25.01.2018, 15:22 Uhr

Eimer, Biosäcke und Handzettel Die Stadt Regensburg verteilt Starterkits für Bioabfälle

(Foto: terra2024/123rf.com)(Foto: terra2024/123rf.com)

Noch im Laufe dieses Jahres werden weitere 20.000 Starterkits für die Sammlung der Bioabfälle kostenfrei zur Verfügung gestellt. Sie können in den städtischen Bürgerbüros oder im Umweltamt (IT-Speicher, Bruderwöhrdstraße 15 b, erste Etage) abgeholt werden.

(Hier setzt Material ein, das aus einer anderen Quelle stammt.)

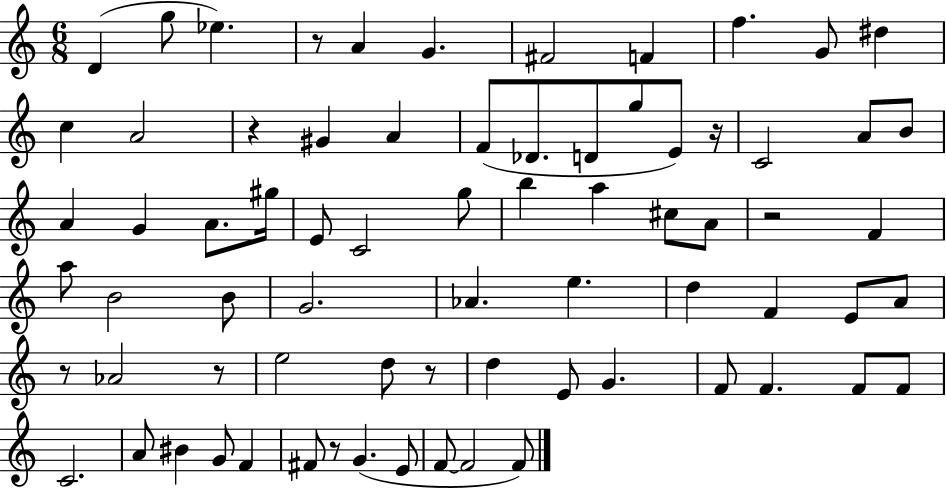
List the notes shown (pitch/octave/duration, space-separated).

REGENSBURG Noch bis zum 24. März können Hausmeisterdienste, Hausverwaltungen und größere Wohngemeinschaften jeweils am Mittwoch von 9 bis 11 Uhr größere Mengen (ab 20 Stück) Starterkits direkt beim Städtischen Recyclinghof in der Markomannenstraße abholen. Die Stadt gibt nur einmal ein Paket Biosäcke aus. Falls die kompostierbaren Biosäcke ausgehen, können diese im Einzelhandel nachgekauft werden. Wichtig ist nur, dass die Papier- oder Biokunststoffsäcke kompostierbar sind. Der Preis liegt für zehn Stück um die ein Euro.

Biotonnen-Standorte

Zwischenzeitlich sind rund ein Drittel der 2 100 vorgesehenen Standorte im Stadtgebiet Regensburg mit Biotonnen bestückt. Auch die Pflicht-Biotonnenstandorte bei den großen Wohnanlagen mit mehr als 30 Wohneinheiten werden mit Biotonnen ausgestattet. Das Umweltamt bittet die Bürgerinnen und Bürger großer Wohnblocks oder Hausverwaltungen, die bisher noch keinen Kontakt zur Abfallberatung hatten, sich unter Abfallberatung@regensburg.de mit der Stadt in Verbindung zu setzen, um die Vorteile der getrennten Abfallerfassung nutzen zu können.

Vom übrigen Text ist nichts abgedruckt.